〇: The outline of the character is completely out of focus! X: The outline of the character is blurred and a strong sense of incongruity is felt.

[0246] [Table 6]

[0247] As can be seen from Table 6, the antiglare films obtained using the particles of Examples 1, 9 and 10 all have excellent antiglare properties and visibility (no blurring of characters). Met . On the other hand, although the antiglare film produced using the particles of Comparative Example 4 having a large amount of coarse particles exceeding twice the average particle diameter has antiglare properties, the coarse particles contained in the antiglare film are like lenses. It is thought that the film surface was damaged due to the action of the coarse particles, and as a result, it was difficult to visually recognize the characters.

Industrial applicability

[0248] The fine particles of the present invention are those in which the content of coarse particles and fine particles that deviate from the preferred range of particle size is reduced to a low level. Therefore, various optical films or sheets (anti-glare sheet, light diffusion film, etc.) produced using force and fine particles have disadvantages derived from coarse particles and reduced transparency derived from fine particles. This is considered to be difficult to occur. In addition, since unevenness is uniformly formed in the surface, it is considered that excellent optical properties (for example, antiglare property and light diffusibility) are exhibited.

Claims

The scope of the claims

[1] Fine particles characterized in that the number of coarse particles having a particle size of 2 or more times the average particle size is 1,000 particles / 0.5 g or less.

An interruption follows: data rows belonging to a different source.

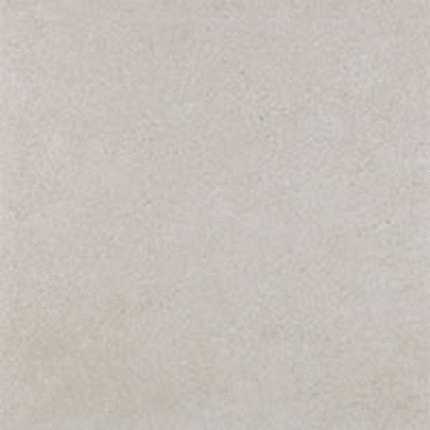 Керамогранит Argenta Rex Pav. Beige rc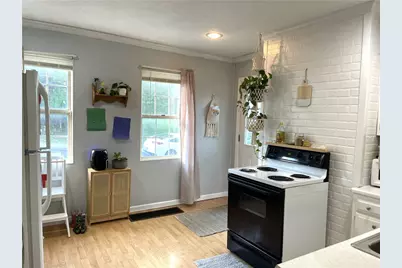 266 N Central Ave, Canonsburg, PA 15317 - Photo 7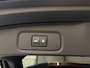Nissan Qashqai 1.3 MHEV XTRONIC CONNECTA/360 CAM/EL A KLEP/HEAD-UP/ENZ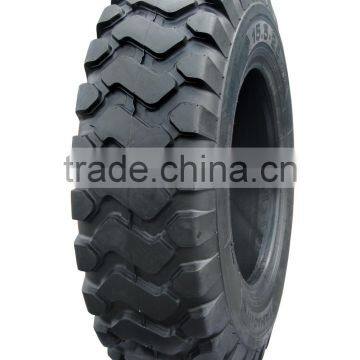 China Best Quality With Cheapest Price Otr Tyre Loader and Grader 17.5-25 photo-4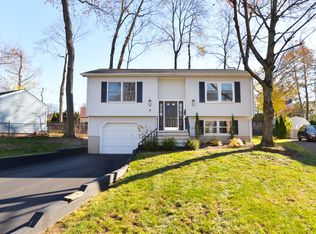 9 Bergen St, Glen Rock, NJ 07452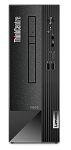 11T0003JUK Lenovo ThinkCentre Neo 50s SFF PSU 260W, i5-12400, 8GB DDR4 3200, 256GB SSD M.2, Intel UHD 730, NO WiFi/BT, USB KB (ENG)&Mouse, Windows 11 Pro ENG, 4,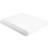 Hay Standard Mattress Skummadras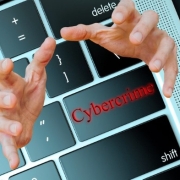 Deux jours après avoir été cyberattaquée, la commune de Bex rassure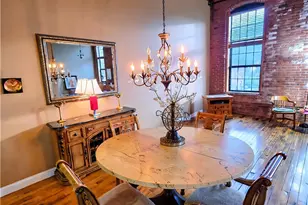 589 Atwells Ave, Providence, RI 02909 - Photo 1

[2] The fine particle according to claim 1, wherein the fine particle is an organic-inorganic composite containing an organic polymer skeleton and a polysiloxane skeleton.

[3] The method for producing fine particles according to claim 1 or 2,

A step of wet-classifying a fine particle dispersion having a solid content concentration of 0.5 to 50 mass% and a B-type viscosity of 0.5 to 20 mPa * s,

A step of drying and pulverizing the fine particles after wet classification to form powder fine particles having a moisture content of 0.05 to 2% by mass;

A method for producing fine particles, comprising a step of dry-classifying the powder fine particles.

[4] A resin composition comprising the fine particles according to claim 1 or 2.

[5] A coating composition comprising the resin composition according to claim 4.

[6] An optical film obtained by applying the coating composition according to claim 5 on a substrate.

7. The optical film according to claim 6, which is used as a light diffusion film.

8. The optical film according to claim 6, which is used as an antiglare film.